Problem requirements> Below this line is a set of entries; quote exactly the lines from the line that contains "Harley-Davidson Men's Black" to the line that contains "Trunab Nurse Belt", both lines included.

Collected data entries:
****
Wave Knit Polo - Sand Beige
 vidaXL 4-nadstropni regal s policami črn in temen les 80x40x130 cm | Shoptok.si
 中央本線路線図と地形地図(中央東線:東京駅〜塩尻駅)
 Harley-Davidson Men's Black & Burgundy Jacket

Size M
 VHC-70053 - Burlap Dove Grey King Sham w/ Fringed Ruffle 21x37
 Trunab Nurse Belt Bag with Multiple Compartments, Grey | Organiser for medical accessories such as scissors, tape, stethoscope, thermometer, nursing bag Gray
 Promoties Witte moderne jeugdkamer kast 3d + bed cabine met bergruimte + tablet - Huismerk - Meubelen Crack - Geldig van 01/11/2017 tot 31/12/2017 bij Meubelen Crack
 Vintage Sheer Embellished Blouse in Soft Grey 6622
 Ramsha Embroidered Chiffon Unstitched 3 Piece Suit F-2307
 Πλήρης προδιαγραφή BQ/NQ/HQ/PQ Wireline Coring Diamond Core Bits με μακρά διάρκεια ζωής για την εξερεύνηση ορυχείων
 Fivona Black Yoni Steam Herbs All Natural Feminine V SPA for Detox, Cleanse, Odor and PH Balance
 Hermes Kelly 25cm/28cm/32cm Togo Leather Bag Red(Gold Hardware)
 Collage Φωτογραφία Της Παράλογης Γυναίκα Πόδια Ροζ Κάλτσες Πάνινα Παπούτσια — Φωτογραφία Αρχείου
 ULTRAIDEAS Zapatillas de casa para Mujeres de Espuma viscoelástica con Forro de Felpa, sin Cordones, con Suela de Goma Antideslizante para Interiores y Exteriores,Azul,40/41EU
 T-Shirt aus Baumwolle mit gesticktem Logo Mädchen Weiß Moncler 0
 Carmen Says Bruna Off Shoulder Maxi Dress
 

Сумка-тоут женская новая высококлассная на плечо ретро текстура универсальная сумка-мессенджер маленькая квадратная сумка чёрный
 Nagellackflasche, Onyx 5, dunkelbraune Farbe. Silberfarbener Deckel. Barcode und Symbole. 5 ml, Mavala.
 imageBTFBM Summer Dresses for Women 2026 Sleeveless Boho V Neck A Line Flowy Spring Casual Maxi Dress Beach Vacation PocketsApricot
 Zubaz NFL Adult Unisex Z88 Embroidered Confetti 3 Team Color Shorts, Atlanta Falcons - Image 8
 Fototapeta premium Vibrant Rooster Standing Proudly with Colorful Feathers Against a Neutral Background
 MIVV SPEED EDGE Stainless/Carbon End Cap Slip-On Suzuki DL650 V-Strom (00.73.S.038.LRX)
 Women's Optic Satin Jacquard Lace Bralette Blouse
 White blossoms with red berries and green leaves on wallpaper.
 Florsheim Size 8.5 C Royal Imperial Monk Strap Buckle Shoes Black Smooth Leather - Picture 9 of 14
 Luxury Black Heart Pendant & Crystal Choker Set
****
Solution below>
 Harley-Davidson Men's Black & Burgundy Jacket

Size M
 VHC-70053 - Burlap Dove Grey King Sham w/ Fringed Ruffle 21x37
 Trunab Nurse Belt Bag with Multiple Compartments, Grey | Organiser for medical accessories such as scissors, tape, stethoscope, thermometer, nursing bag Gray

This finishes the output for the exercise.